How to Prevent the Spread of Hep C
Here are some steps you can take to help prevent becoming infected with hepatitis C.
- Never share needles. Intravenous drug users have the highest chance of getting infected with hepatitis C because many share needles. Besides needles, the virus may be present in other equipment used with illicit drugs. Even sharing a straw or dollar bill when snorting cocaine could transmit hepatitis C. Bleeding in the nose frequently happens when taking cocaine this way, and microscopic droplets may enter the straw and be passed on to the next user, even if they can't be seen.
- Avoid direct exposure to blood or blood products. If you are a medical worker or health care provider, avoid coming into direct contact with blood. Any tools that draw blood in the workplace should be thrown out safely or sterilized to prevent hepatitis C infection.
- Don't share personal care items. Many items that we use on a daily basis will occasionally be exposed to blood. Often, people will cut themselves while shaving, or their gums will bleed while brushing their teeth. Even small amounts of blood can infect someone, so it is important not to share items such as toothbrushes, razors, nail and hair clippers, and scissors. If you already have hepatitis C, make sure you keep your personal items, such as razors and toothbrushes, separate and out of children’s reach.
- Choose tattoo and piercing parlors carefully.
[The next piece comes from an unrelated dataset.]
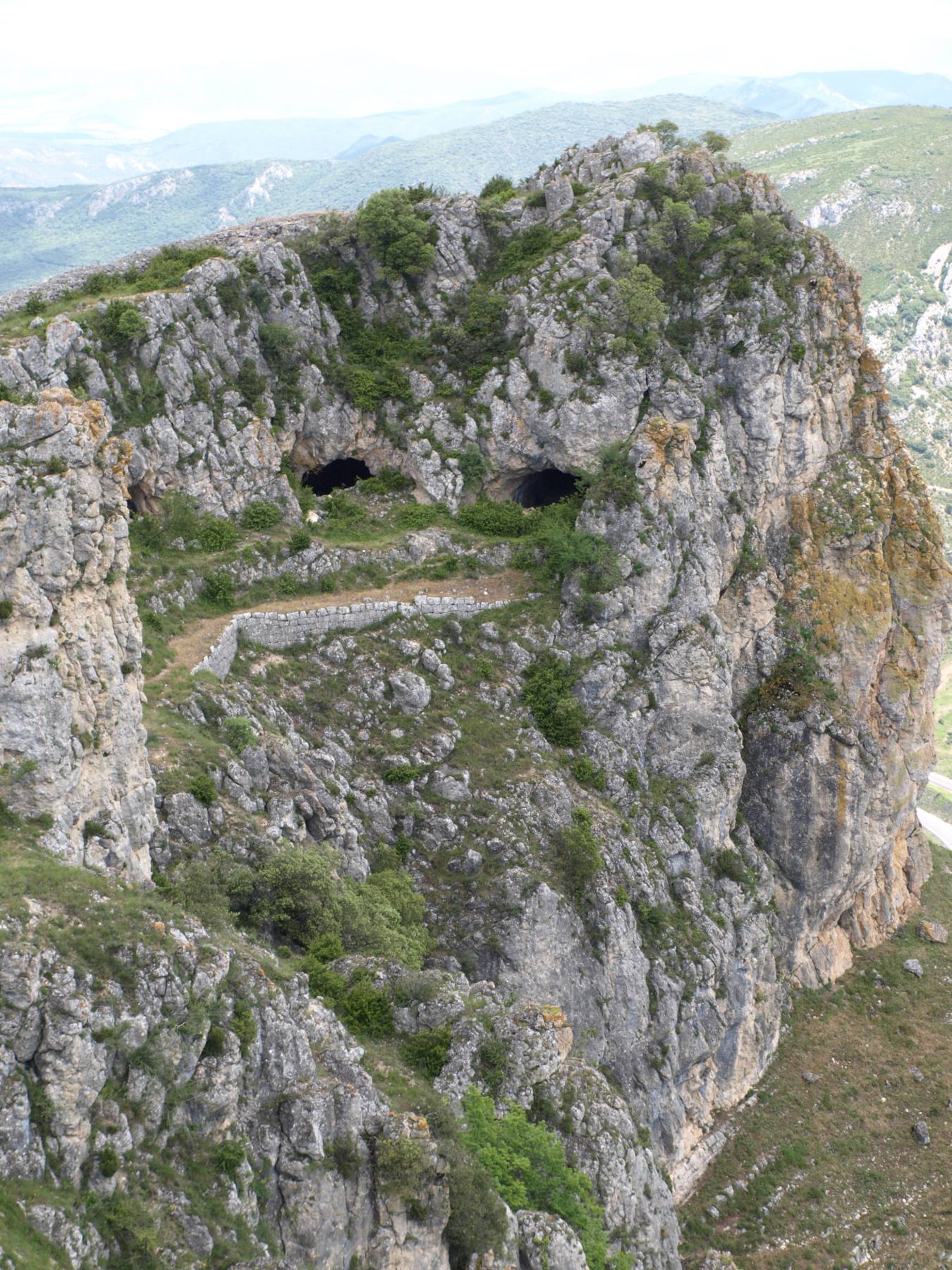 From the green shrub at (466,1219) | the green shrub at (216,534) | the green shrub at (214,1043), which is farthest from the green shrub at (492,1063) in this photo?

Only use a licensed tattoo and piercing artist who does the right sanitary procedures. A new, disposable needle and ink well should be used for each customer. If in doubt, ask about their disposable products and sanitary procedures before getting a tattoo or piercing.
- Practice safe sex. It is rare for hepatitis C to be transmitted through sexual intercourse, but there is a higher chance of getting hepatitis C if you have HIV, another sexually transmitted disease, multiple sex partners, or if you engage in rough sex.
How Hepatitis C Is Not Spread
Hepatitis C is not known to spread by casual contact, kissing, hugging, breastfeeding, sharing eating utensils, coughing, or sneezing. If a mom has hepatitis C and her nipples are cracked and bleeding, she should stop nursing until her nipples have healed. Then she can resume nursing.
Protecting the Blood Supply
One of the main problems with preventing hepatitis C is that most people who are infected don’t show symptoms at first. Many only find out when they have a blood test for an unrelated reason. Until relatively recently, this often led to infected blood and organs being used in transfusions and transplants.
As of July 1992, all blood and organ donations are screened for the hepatitis C virus. Although not perfect, only about 1 in 2 million blood transfusions may transmit hepatitis C. Anyone who received a blood transfusion or organ donation before July 1992 should be tested for the virus.
As of 1987, all blood products for the treatment of hemophilia are treated to remove infectious viruses, such as hepatitis C and HIV. But if you took any blood products before 1987, you should be tested for hepatitis C.
Is There a Hepatitis C Vaccine?
There is no vaccine to prevent hepatitis C infection. Researchers at Canada’s University of Alberta, the U.K.’s Oxford University, and the University of Ulsan in South Korea are looking into it, and clinical trials are underway in the U.S.